Comment avez-vous découvert Annie Le Brun ? Quelles sont les œuvres qui vous ont profondément marquées ?
Valérie Minetto : Je ne connaissais pas Annie Le Brun avant de faire le film. C’est surtout Cécile qui, en tant que lectrice, la connaissait depuis longtemps et qui trouvait que ce serait bien de faire un film sur elle. J’ai donc commencé à me renseigner, à la lire et ça m’a vraiment interpellé : enfin une parole libre à laquelle on peut s’identifier et retrouver sa propre colère. J’ai commencé, dans le désordre, par Du trop de réalité, puis Les Châteaux de la subversion, Appel d’air, Perspectives dépravées… J’ai ensuite rencontré Annie et, bien que j’étais rétive à réaliser un film sur un écrivain car c’est un exercice compliqué, j’ai vu tout de suite qu’il y avait un film à faire.
Cécile Vargaftig : De mon côté, j’ai commencé à lire Annie Le Brun dans les années 1980 avec Les Châteaux de la subversion. Ce fut un coup de foudre car, loin de la fiction, c’était de la pensée qui ne s’exprimait pas sous une forme universitaire mais portée par le « je » d’une parole singulière et autonome. Ce livre, comme tous les autres, mêle la culture des anciens et l’observation du monde contemporain, et parle aussi bien de littérature que d’espace et d’image. J’ai continué à la lire depuis, guettant chacune de ses nouvelles parutions, et je continue encore aujourd’hui. J’avais découvert sa voix à France culture dans les années 1990 et, passant rarement à la télé, je me demandais à quoi elle pouvait bien ressembler. Je trouvais donc dommage que pour un auteur aussi incarné – qui défend le corps, la présence du sensible, l’empreinte du vivant dans le monde – on n’ait pas de traces de son corps. Alors que nous avons la trace du corps de beaucoup de personnalités médiatiques inintéressantes. Le but était donc de capter Annie Le Brun en entier.

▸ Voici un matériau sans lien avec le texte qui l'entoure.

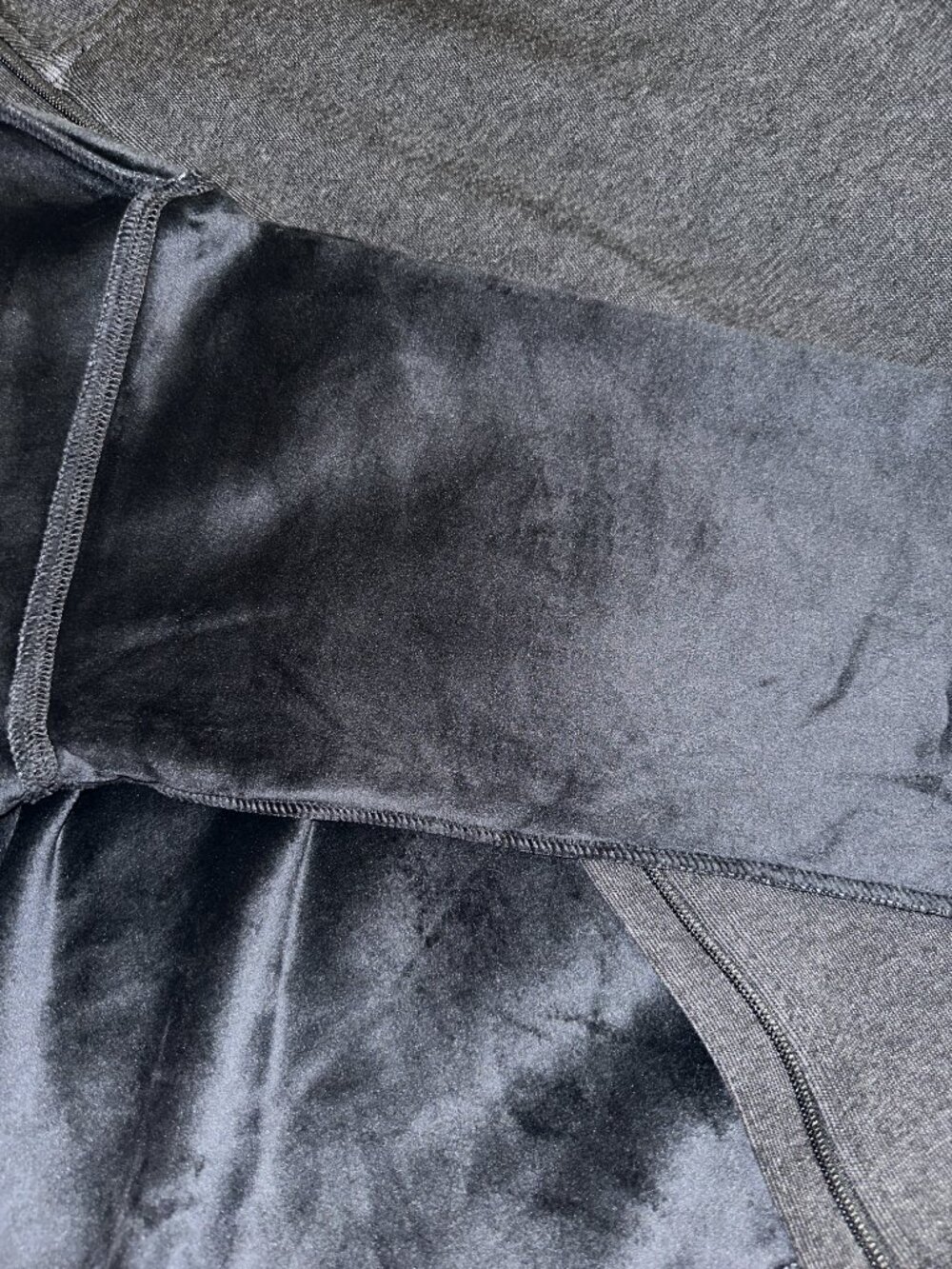 •XXL• Mondetta Womens Sweatsuit - Picture 11 of 16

Aviez-vous une idée précise de la mise en scène et du scénario avant de débuter le film ? Comment s’est déroulée votre collaboration avec elle tout au long du tournage ? Et avec Michel Fau ?

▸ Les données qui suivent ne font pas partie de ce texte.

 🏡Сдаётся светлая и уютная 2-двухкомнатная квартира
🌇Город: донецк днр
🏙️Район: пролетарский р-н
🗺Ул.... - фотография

Cécile Vargaftig : Avant de débuter un film, il est bien d’avoir une idée précise du résultat final, en se laissant la possibilité d’aller là où les pas nous portent. Il faut rêver le film comme un voyage pour lequel on imaginerait le pays où on va aller avant de s’y rendre. On a rapidement pensé au film comme une promenade continue, infinie, entre des lieux différents (la ville, la mer, la montagne) au cours de laquelle Annie Le Brun ne cesserait jamais de marcher. On savait également qu’il y aurait une altérité qui lirait ses textes : plutôt une voix masculine pour ne pas la confondre avec celle d’Annie. À partir de là, Valérie a imaginé le film comme les rêveries d’un lecteur solitaire.

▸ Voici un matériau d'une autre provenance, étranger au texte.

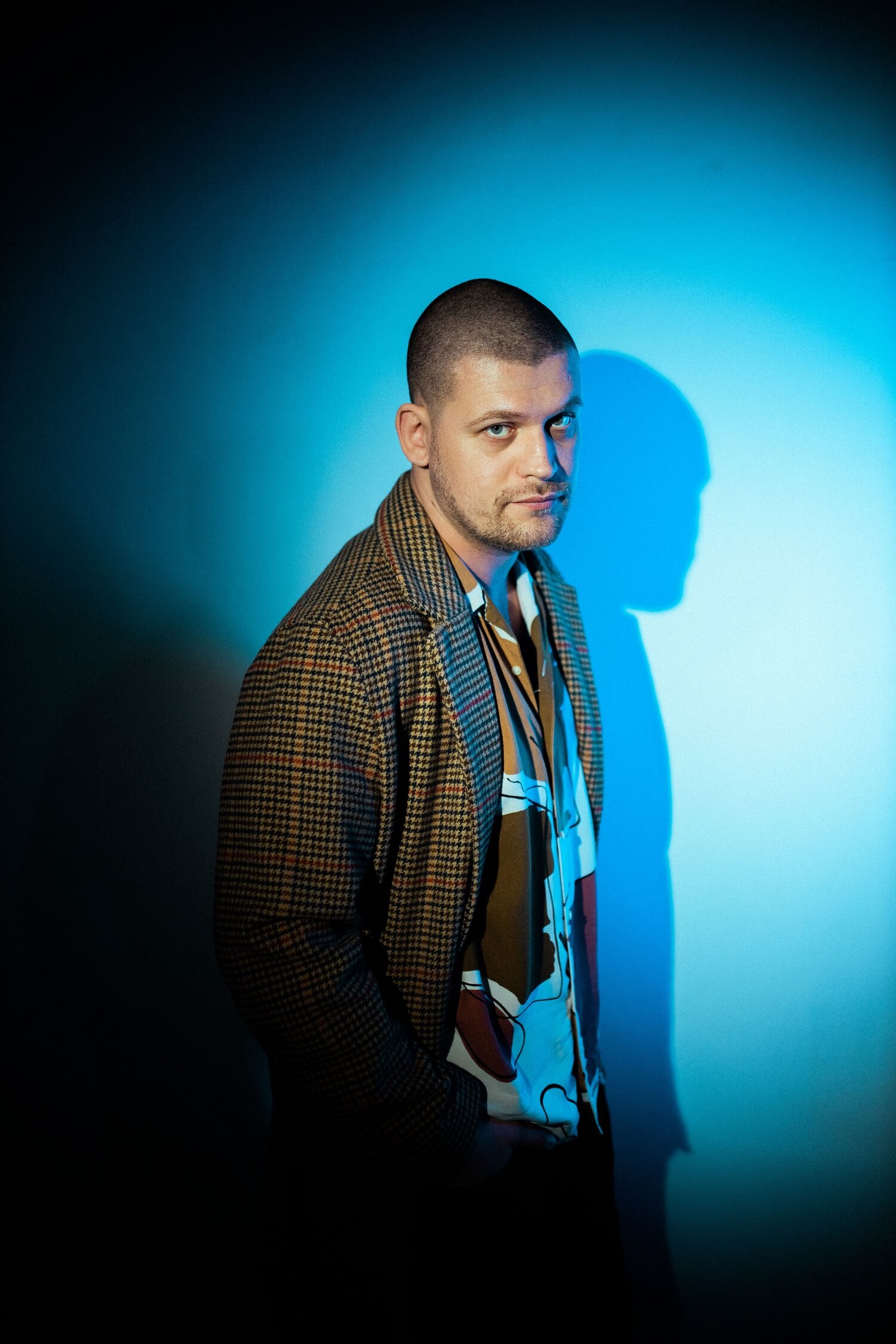 Stefan Wesołowski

Valérie Minetto : Ce film est une commande amoureuse puisque c’est mon amoureuse qui me le demandait. Cette démarche est intéressante quand on fait du cinéma. De façon générale, je trouve que la contrainte en art est enrichissante et stimulante. Je voulais exprimer mon ressenti vis-à-vis de la lecture d’Annie Le Brun. Nous avons donc choisi un acteur, Michel Fau, pour incarner le lecteur solitaire et anonyme. Nous avions besoin d’un très bon acteur pour lire les textes d’Annie qui sont assez difficiles à retranscrire à haute voix. Nous lui avons demandé si elle avait des préférences et elle a tout de suite indiqué Michel Fau. Il se trouve qu’avec Cécile nous connaissons et sommes admiratives du travail singulier et acerbe de Michel. Nous sommes allés à sa rencontre, il a lu notre projet et il a été d’accord tout de suite. Annie et Michel ont fait connaissance pour la première fois sur le film, ou plutôt dans le film car ils se rencontrent lors d’une belle scène où ils marchent et discutent ensemble dans un parc. Ils ont ensuite gardé un lien : Michel Fau est, notamment, venu lire des extraits de Sade lors de l’exposition organisée par Annie au musée d’Orsay, en octobre 2014.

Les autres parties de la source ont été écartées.